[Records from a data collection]
════════════════════

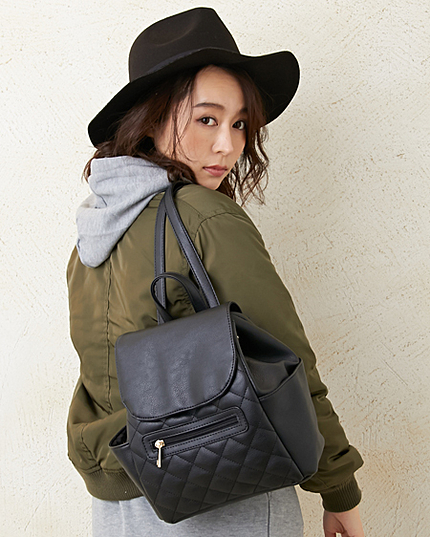 キルティング／リュック（ＯＵＴＬＥＴ）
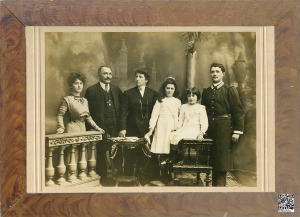 group-picture-frame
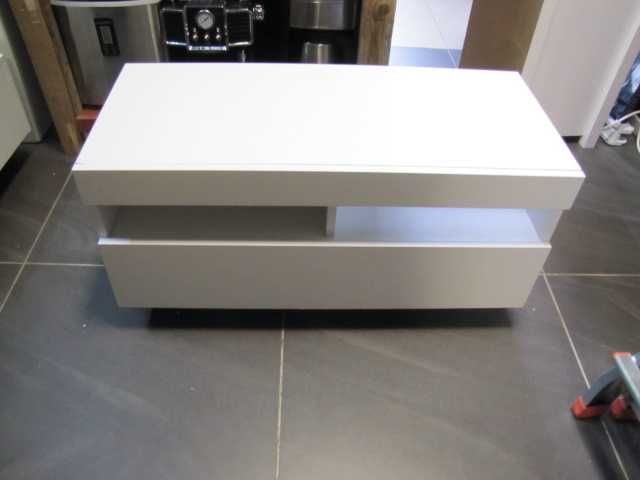 Szafka na buty otwierana 4 półki biała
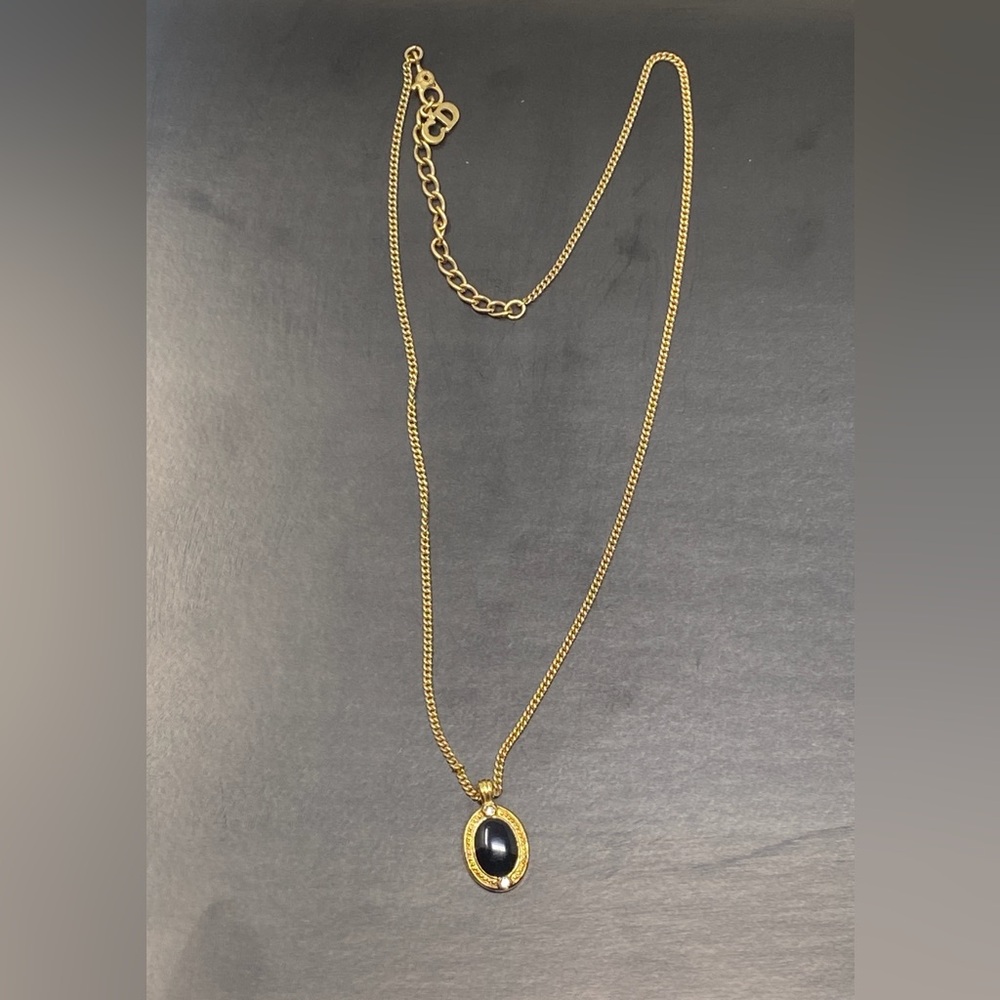 Dior Vintage 80s Black Onyx Oval Enamel Chrystals Pendant Necklace - Picture 3 of 16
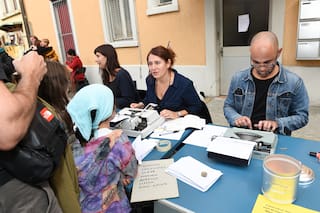 Cartas por encargo, poemas y traducciones gratis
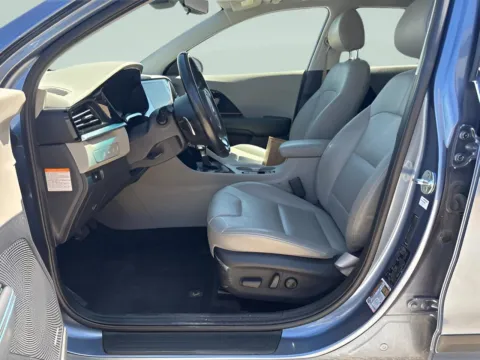 More photos of 2021 Kia Niro Touring SE at MAG CDJR, MO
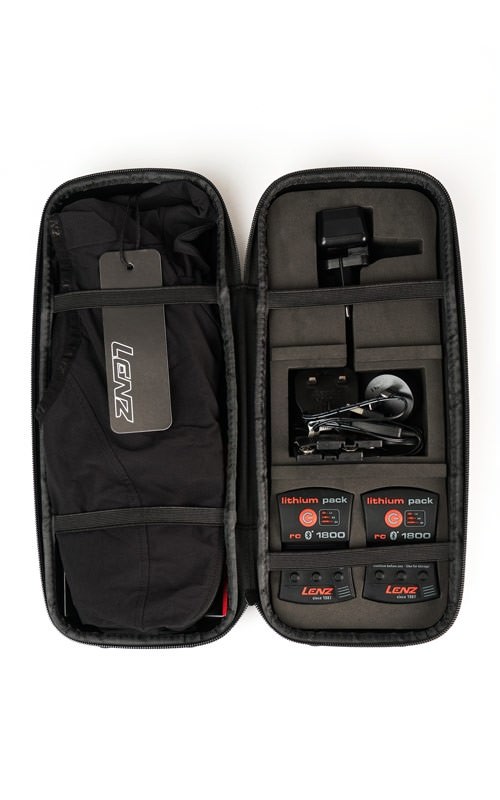 Schwarze Tasche mit Zubehör Offene schwarze Tasche mit Lenz Heat Vest 1.0, Akkus, Ladekabel und Zubehör.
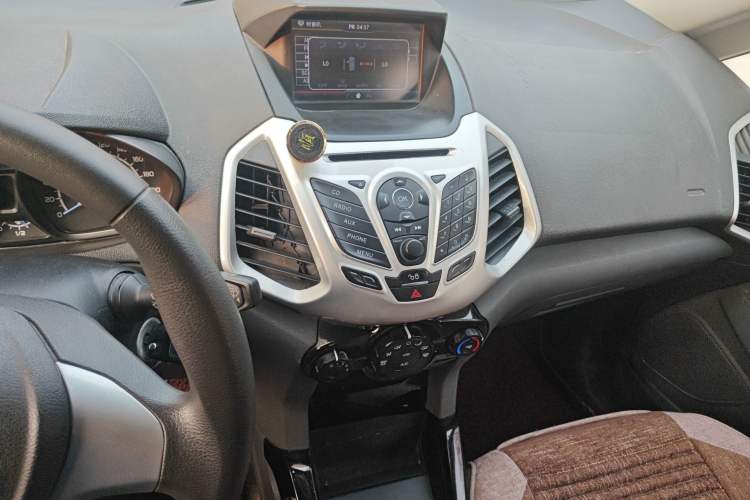 Used Ford EcoSport 2013 1.5L Manual Fashion Model Audio And AC Panel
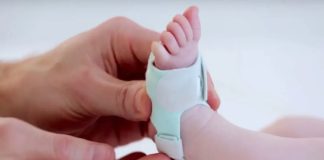 Bebeklerin sağlıklı ve güvenli bir ortamda büyümesi, kullanılan ürünlerin kalitesi kadar bu ürünlerin belirli güvenlik kriterlerini karşılamasına da bağlıdır. Günümüzde ebeveynler yalnızca ürünlerin tasarımına veya fiyatına değil, aynı zamanda sahip olduğu güvenlik standartlarına da büyük önem veriyor. Uzmanlar, bebeklerin cilt yapısının hassas olması ve gelişim süreçlerinin devam etmesi nedeniyle kullanılan her ürünün ulusal ve uluslararası standartlara uygun olmasının hayati önem taşıdığını belirtiyor. Konulu bir haber görseli.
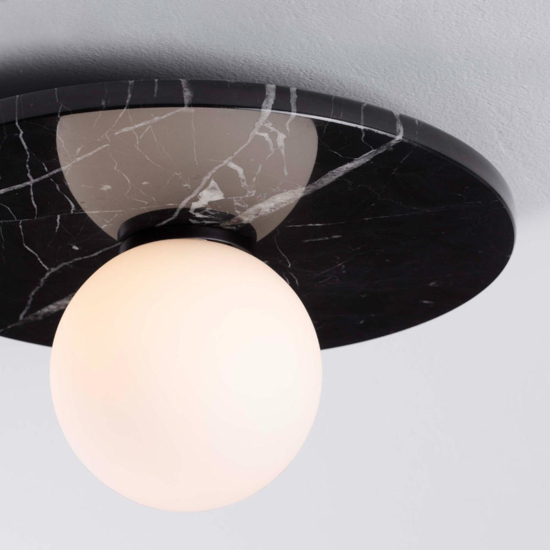 Plafoniera per camera da letto marmo nero sfera vetro bianco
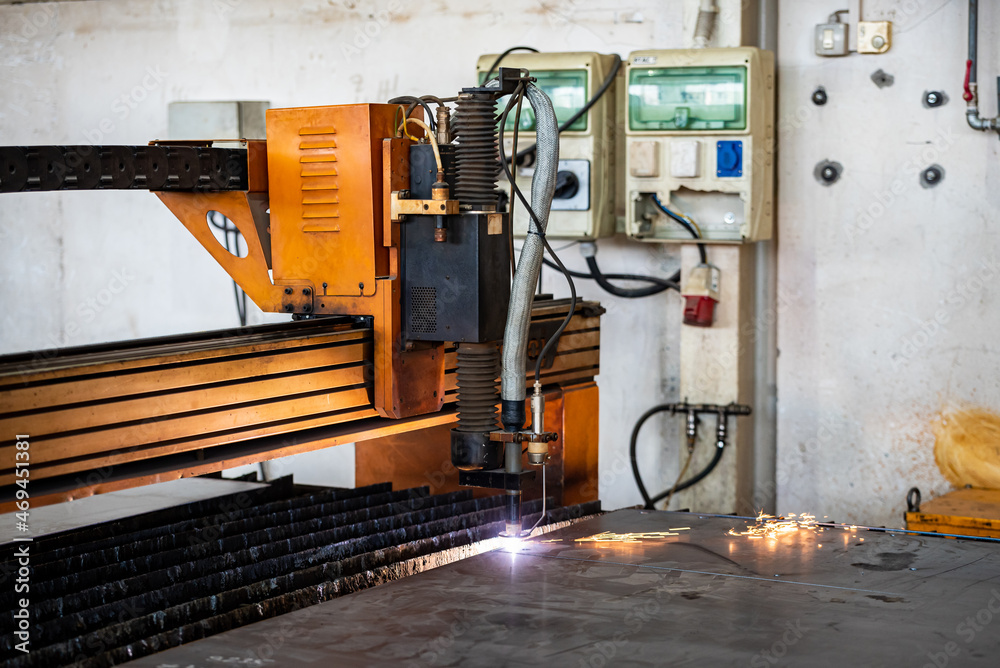Plasma steel cutting in the machine industry Plasma steel cutting in the machine industry
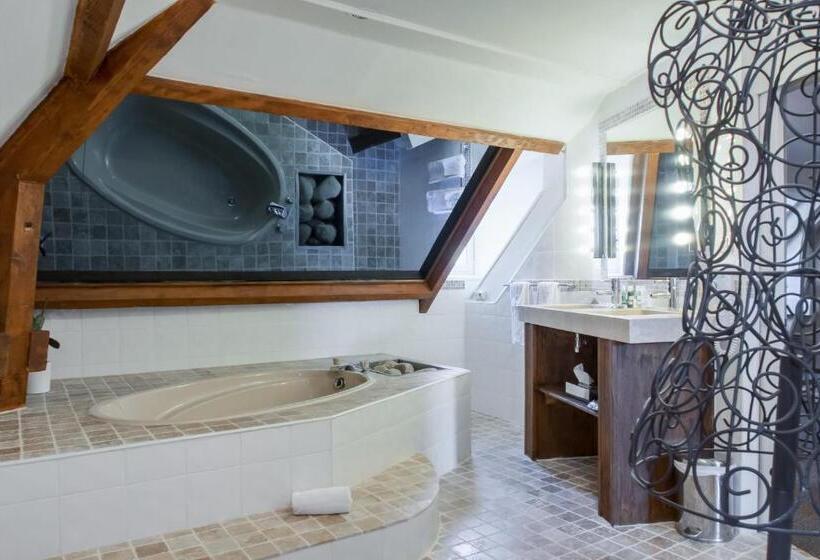 سوییت جونیور, Ermitage De Corton   Teritoria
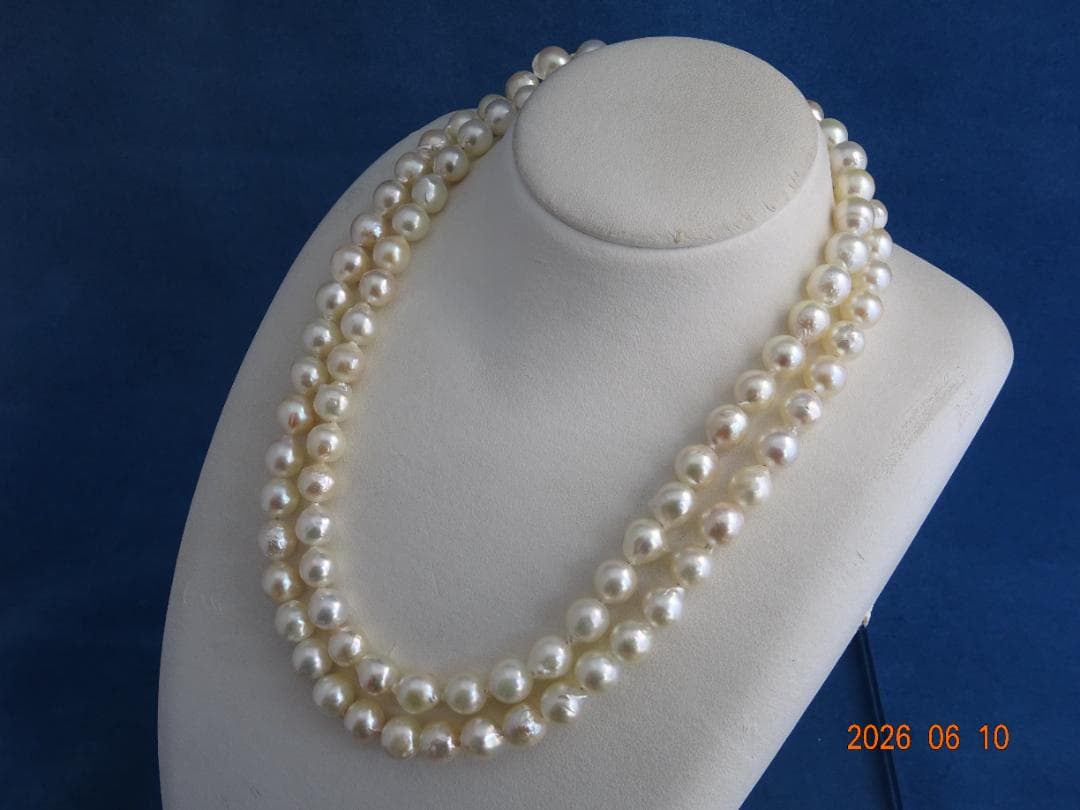 Akoya pearl necklace with 8-8.5 mm baroque pearls and silver clasp, 83 cm (32.7 in) long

════════════════════

__Your assignment__.
Please reproduce, word for word, every line from the first line of the records above through the line containing "Plafoniera per camera", and leave out the pictures.

__Task answer__.
 キルティング／リュック（ＯＵＴＬＥＴ）
 group-picture-frame
 Szafka na buty otwierana 4 półki biała
 Dior Vintage 80s Black Onyx Oval Enamel Chrystals Pendant Necklace - Picture 3 of 16
 Cartas por encargo, poemas y traducciones gratis
 More photos of 2021 Kia Niro Touring SE at MAG CDJR, MO
 Schwarze Tasche mit Zubehör Offene schwarze Tasche mit Lenz Heat Vest 1.0, Akkus, Ladekabel und Zubehör.
 Used Ford EcoSport 2013 1.5L Manual Fashion Model Audio And AC Panel
 Bebeklerin sağlıklı ve güvenli bir ortamda büyümesi, kullanılan ürünlerin kalitesi kadar bu ürünlerin belirli güvenlik kriterlerini karşılamasına da bağlıdır. Günümüzde ebeveynler yalnızca ürünlerin tasarımına veya fiyatına değil, aynı zamanda sahip olduğu güvenlik standartlarına da büyük önem veriyor. Uzmanlar, bebeklerin cilt yapısının hassas olması ve gelişim süreçlerinin devam etmesi nedeniyle kullanılan her ürünün ulusal ve uluslararası standartlara uygun olmasının hayati önem taşıdığını belirtiyor. Konulu bir haber görseli.
 Plafoniera per camera da letto marmo nero sfera vetro bianco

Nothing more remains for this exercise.